-- Hoogle documentation, generated by Haddock
-- See Hoogle, http://www.haskell.org/hoogle/


-- | Quickly detect clusters and holes in data.
--   
--   Persistence is a topological data analysis library motivated by
--   flexibility when it comes to the type of data being analyzed. If you
--   have data that comes with a meaningful function into something of the
--   Ord typeclass, you can use Persistence to detect clusters and holes in
--   the data. You can also use the library to analyze undirected graphs,
--   and interesting features for directed graphs will be added soon.
@package Persistence
@version 1.0


-- | This module provides functions for constructing neighborhood graphs,
--   clique complexes, Vietoris-Rips complexes, as well as the computation
--   of Betti numbers.
--   
--   An important thing to know about this module is the difference between
--   "fast" and "light" functions. Fast functions encode the metric in a 2D
--   vector, so that distances don't need to be computed over and over
--   again and can instead be accessed in constant time. Unfortunately,
--   this takes O(n^2) memory so I would strongly recomend against using it
--   for larger data sets; this is why "light" functions exist.
--   
--   A neighborhood graph is a graph where an edge exists between two
--   vertices if and only if the vertices fall within a given distance of
--   each other. Graphs here are more of a helper data type for
--   constructing filtrations, which is why they have a somewhat odd
--   representation.
--   
--   The clique complex of a graph is a simplicial complex whose simplices
--   are the complete subgraphs of the given graph. The Vietoris-Rips
--   complex is the clique complex of the neighborhood graph.
--   
--   Betti numbers measure the number of n-dimensional holes in a given
--   simplicial complex. The 0th Betti number is the number of connected
--   components, or clusters; the 1st Betti number is the number of loops
--   or tunnels; then 2nd Betti number measures voids or hollow volumes;
--   and if you have high-dimensional data, you might have higher Betti
--   numbers representing the number of high-dimensional holes.
module SimplicialComplex

-- | The first component of the pair is the number of vertices. The second
--   component is a vector whose entries are vectors of simplices of the
--   same dimension. The dimension starts at 1 because there is no need to
--   store individual vertices. A simplex is represented as a pair: the
--   vector of its vertices in the original data set from which the complex
--   was constructed, and the vector of the indices of the faces in the
--   next lowest dimension. Edges are the exception - they do not store
--   reference to their faces because it would be redundant with their
--   vertices.
type SimplicialComplex = (Int, Vector (Vector (Vector Int, Vector Int)))

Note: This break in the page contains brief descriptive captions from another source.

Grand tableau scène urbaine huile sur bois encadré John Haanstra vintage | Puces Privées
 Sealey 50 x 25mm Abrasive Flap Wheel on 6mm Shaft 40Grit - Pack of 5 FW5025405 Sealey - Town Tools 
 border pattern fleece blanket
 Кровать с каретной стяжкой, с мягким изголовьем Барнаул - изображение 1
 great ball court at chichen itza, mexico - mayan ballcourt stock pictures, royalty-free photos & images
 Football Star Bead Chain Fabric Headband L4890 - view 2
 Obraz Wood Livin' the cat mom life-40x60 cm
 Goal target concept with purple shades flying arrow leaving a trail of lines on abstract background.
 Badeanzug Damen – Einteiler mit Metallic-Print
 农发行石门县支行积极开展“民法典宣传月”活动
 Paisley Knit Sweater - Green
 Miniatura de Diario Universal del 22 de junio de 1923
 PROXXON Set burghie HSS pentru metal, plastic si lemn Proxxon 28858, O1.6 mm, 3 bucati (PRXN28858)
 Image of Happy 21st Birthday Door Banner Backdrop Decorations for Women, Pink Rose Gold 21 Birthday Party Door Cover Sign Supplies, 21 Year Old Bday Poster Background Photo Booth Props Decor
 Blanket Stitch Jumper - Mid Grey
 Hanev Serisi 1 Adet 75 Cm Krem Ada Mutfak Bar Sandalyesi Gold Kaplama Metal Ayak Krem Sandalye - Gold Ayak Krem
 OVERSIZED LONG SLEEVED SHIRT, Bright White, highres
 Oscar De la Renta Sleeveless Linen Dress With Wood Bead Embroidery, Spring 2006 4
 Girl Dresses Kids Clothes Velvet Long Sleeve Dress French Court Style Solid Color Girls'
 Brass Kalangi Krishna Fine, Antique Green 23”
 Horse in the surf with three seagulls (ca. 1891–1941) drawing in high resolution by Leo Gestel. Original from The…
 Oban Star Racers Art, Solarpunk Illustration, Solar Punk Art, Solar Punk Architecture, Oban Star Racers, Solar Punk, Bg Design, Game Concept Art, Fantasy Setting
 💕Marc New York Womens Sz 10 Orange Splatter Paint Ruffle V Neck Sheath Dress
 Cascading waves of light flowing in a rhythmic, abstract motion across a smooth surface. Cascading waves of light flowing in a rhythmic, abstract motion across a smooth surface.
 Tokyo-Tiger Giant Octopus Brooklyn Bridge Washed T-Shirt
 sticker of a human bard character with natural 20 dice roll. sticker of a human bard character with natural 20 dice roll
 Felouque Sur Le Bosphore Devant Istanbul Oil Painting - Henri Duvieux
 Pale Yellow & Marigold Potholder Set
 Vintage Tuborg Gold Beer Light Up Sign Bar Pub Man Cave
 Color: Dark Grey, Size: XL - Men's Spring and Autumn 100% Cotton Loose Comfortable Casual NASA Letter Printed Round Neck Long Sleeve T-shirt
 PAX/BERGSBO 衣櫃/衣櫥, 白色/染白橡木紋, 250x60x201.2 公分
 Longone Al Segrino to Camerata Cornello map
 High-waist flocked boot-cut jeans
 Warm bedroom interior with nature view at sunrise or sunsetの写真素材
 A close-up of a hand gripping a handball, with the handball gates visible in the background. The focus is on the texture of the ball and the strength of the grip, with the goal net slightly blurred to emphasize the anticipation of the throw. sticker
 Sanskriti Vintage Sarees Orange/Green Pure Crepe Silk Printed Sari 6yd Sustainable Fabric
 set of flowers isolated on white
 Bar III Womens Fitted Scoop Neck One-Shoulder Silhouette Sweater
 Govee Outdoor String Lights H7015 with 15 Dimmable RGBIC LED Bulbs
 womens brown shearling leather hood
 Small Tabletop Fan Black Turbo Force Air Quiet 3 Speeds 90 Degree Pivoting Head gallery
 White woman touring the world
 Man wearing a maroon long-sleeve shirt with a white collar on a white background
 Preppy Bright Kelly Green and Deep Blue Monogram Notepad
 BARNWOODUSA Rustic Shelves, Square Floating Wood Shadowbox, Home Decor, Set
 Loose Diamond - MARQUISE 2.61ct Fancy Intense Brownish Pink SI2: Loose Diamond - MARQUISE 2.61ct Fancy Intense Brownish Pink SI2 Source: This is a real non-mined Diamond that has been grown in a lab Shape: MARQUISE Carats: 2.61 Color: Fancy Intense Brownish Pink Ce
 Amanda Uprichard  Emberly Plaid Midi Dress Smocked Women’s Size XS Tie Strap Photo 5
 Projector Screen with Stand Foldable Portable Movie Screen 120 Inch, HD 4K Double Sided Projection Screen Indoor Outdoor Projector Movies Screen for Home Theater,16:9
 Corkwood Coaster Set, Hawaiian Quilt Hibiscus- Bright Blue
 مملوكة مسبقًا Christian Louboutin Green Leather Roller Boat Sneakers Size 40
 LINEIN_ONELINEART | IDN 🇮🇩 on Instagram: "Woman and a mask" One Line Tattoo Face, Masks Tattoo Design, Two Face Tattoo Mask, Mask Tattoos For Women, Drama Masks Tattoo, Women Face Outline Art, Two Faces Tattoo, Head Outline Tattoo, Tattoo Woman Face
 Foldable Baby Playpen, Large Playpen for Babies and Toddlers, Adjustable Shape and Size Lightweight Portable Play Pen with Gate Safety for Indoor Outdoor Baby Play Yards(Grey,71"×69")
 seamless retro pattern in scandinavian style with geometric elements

-- | This represents the (symmetric) adjacency matrix of some undirected
--   graph. The type <tt>a</tt> is whatever distance is in your data
--   analysis regime. The reason graphs are represented like this is
--   because their main function is too speed up the construction of
--   simplicial complexes and filtrations. If the clique complex of this
--   graph were to be constructed, only the adjacencies would matter. But
--   if a filtration is constructed all the distances will be required over
--   and over again - this allows them to be accessed in constant time.
type Graph a = Vector (Vector (a, Bool))

-- | Show all the information in a simplicial complex.
sc2String :: SimplicialComplex -> String

-- | Get the dimension of the highest dimensional simplex (constant time).
getDim :: SimplicialComplex -> Int

-- | The first argument is a scale, the second is a metric, and the third
--   is the data. This function records the distance between every element
--   of the data and whether or not it is smaller than the given scale.
makeNbrhdGraph :: (Ord a, Eq b) => a -> (b -> b -> a) -> [b] -> Graph a

-- | Makes a simplicial complex where the simplices are the complete
--   subgraphs (cliques) of the given graph. Mainly a helper function for
--   makeVRComplexFast, but it might be useful if you happen to have a
--   graph you want to analyze. This utilizes any available processors in
--   parallel because the construction is quite expensive.
makeCliqueComplex :: Graph a -> SimplicialComplex

-- | Constructs the Vietoris-Rips complex given a scale, metric, and data
--   set. Also uses O(n^2) memory (where n is the number of data points)
--   for a graph storing all the distances between data points. This
--   utilizes any available processors in parallel because the construction
--   is quite expensive.
makeVRComplexFast :: (Ord a, Eq b) => a -> (b -> b -> a) -> [b] -> (SimplicialComplex, Graph a)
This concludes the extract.